## Task item
Among the entries that follow, find every line with the word "Outlet" and copy it.

Start of Record extracts

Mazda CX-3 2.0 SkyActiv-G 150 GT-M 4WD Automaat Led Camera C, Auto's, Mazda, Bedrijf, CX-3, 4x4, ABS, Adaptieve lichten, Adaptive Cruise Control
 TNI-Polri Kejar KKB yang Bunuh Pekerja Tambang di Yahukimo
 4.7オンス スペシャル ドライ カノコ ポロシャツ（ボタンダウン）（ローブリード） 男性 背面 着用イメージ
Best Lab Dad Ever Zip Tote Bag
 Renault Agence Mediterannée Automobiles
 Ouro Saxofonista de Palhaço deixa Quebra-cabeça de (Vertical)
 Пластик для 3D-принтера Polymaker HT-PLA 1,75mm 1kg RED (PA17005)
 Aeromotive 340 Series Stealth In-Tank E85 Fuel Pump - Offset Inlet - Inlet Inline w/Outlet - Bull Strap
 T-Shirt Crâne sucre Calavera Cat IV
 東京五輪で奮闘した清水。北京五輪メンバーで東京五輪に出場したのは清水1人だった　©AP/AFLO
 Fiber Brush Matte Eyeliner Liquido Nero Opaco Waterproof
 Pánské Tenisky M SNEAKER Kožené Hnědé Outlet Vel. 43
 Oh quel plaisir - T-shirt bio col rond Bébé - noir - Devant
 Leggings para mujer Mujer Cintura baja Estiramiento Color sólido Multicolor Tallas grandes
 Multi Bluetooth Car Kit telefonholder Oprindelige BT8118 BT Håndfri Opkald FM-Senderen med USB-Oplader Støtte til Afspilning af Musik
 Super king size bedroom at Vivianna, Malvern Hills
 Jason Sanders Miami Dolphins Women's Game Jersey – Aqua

End of Record extracts

## Solution to this problem
 Aeromotive 340 Series Stealth In-Tank E85 Fuel Pump - Offset Inlet - Inlet Inline w/Outlet - Bull Strap
 Pánské Tenisky M SNEAKER Kožené Hnědé Outlet Vel. 43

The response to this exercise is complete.